:: Extracted records

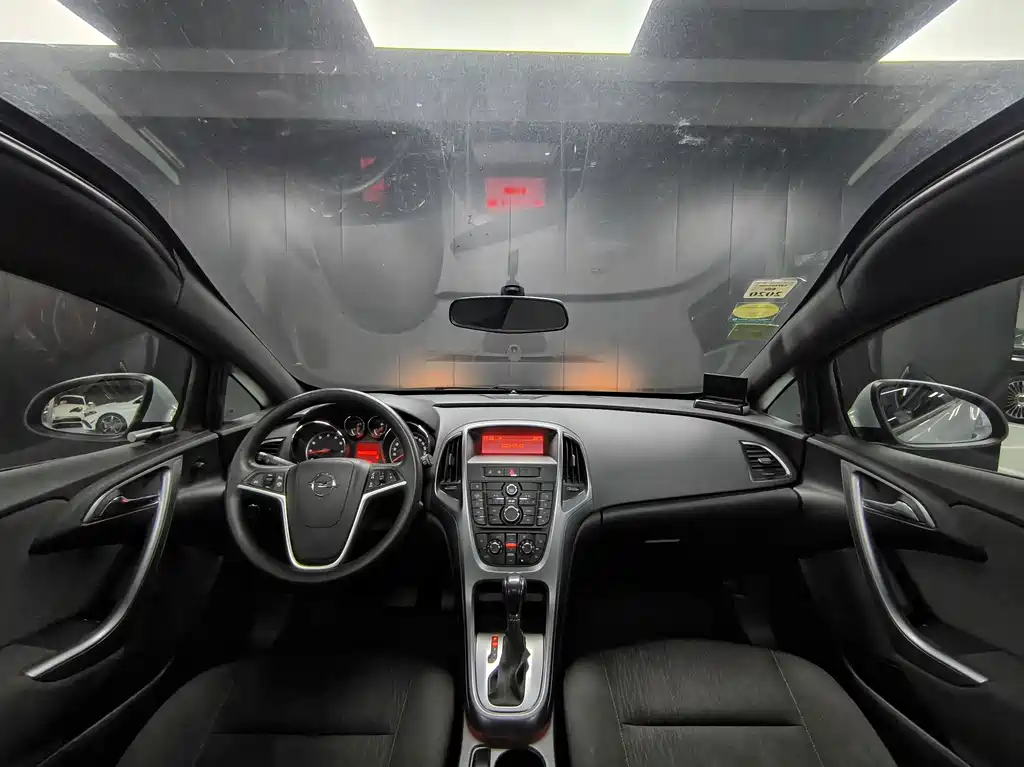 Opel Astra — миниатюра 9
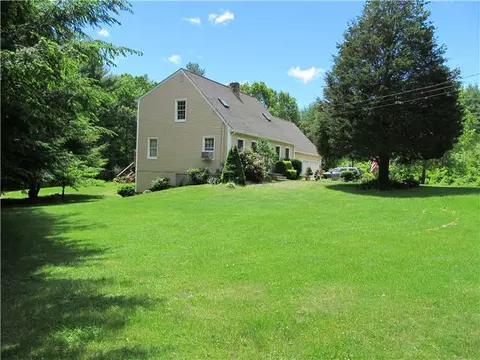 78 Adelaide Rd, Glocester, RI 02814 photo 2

::::
:: Extracted records

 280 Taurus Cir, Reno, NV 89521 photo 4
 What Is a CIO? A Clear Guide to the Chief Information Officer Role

::::
:: Extracted records

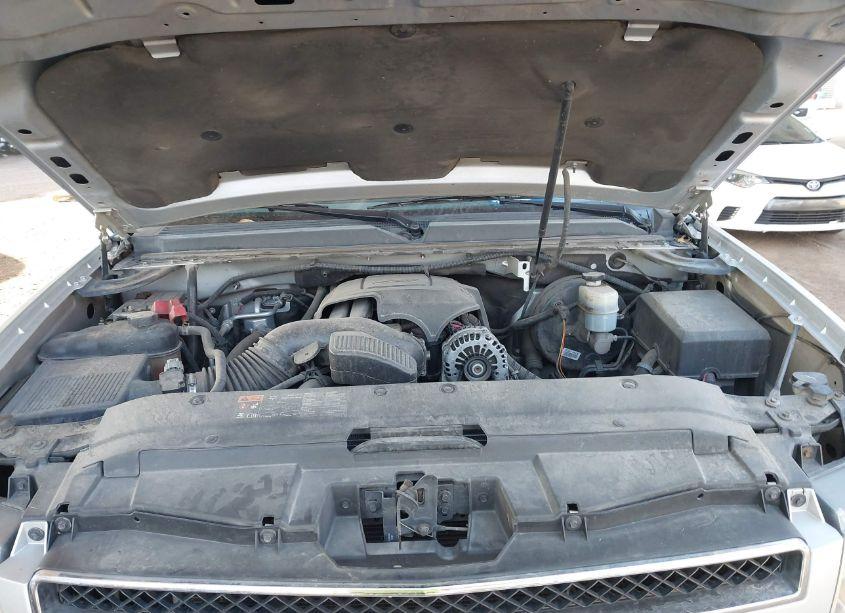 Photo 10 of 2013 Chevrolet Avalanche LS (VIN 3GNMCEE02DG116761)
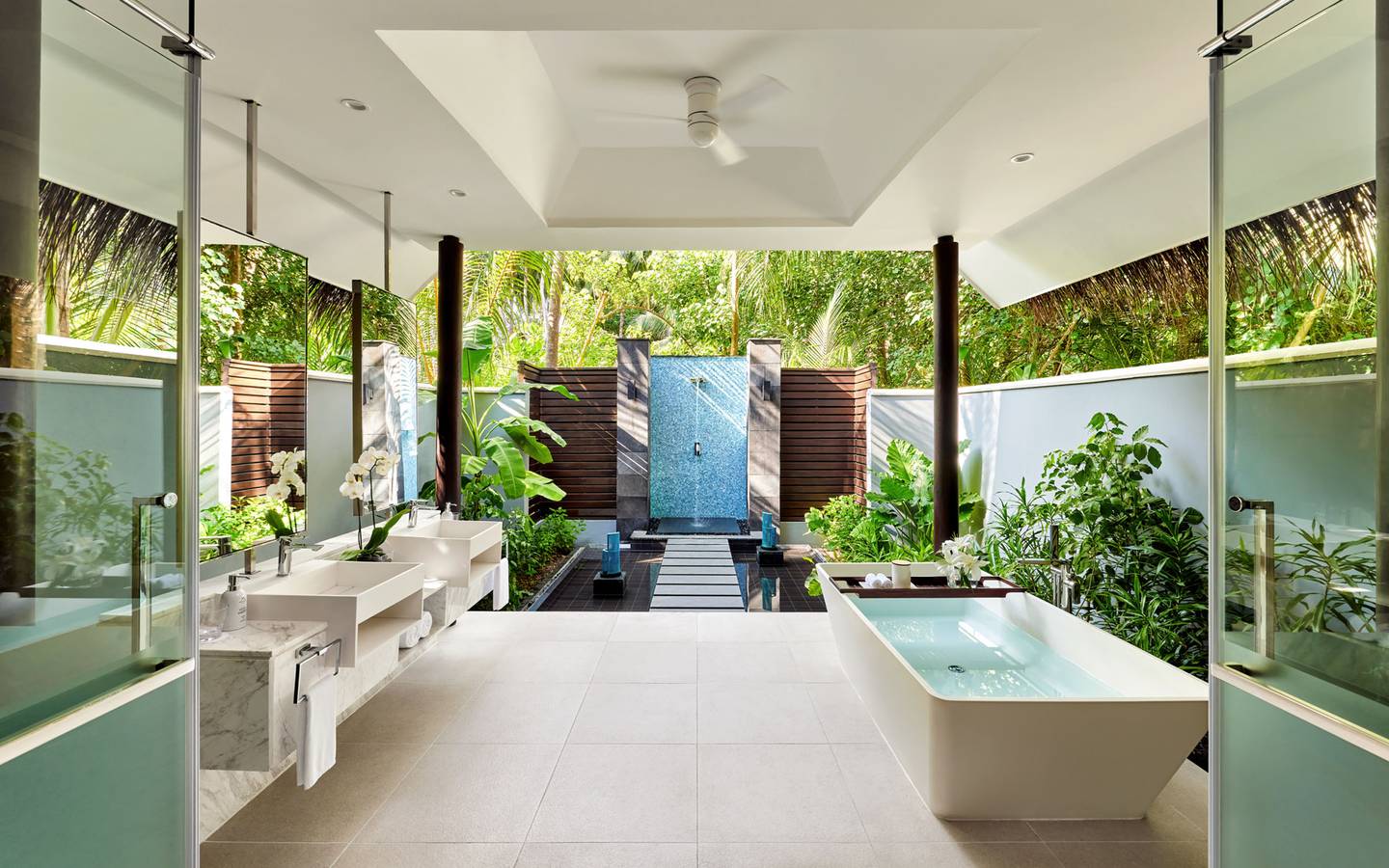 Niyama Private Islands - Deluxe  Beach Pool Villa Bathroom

::::

▶ [Action item]: Your answer must be everything above from the line with "Opel Astra — миниатюра 9" down to the line with "78 Adelaide Rd, Glocester, RI 02814 photo 2", word for word, and no pictures.

▶ [Answer for this exercise]:
 Opel Astra — миниатюра 9
 78 Adelaide Rd, Glocester, RI 02814 photo 2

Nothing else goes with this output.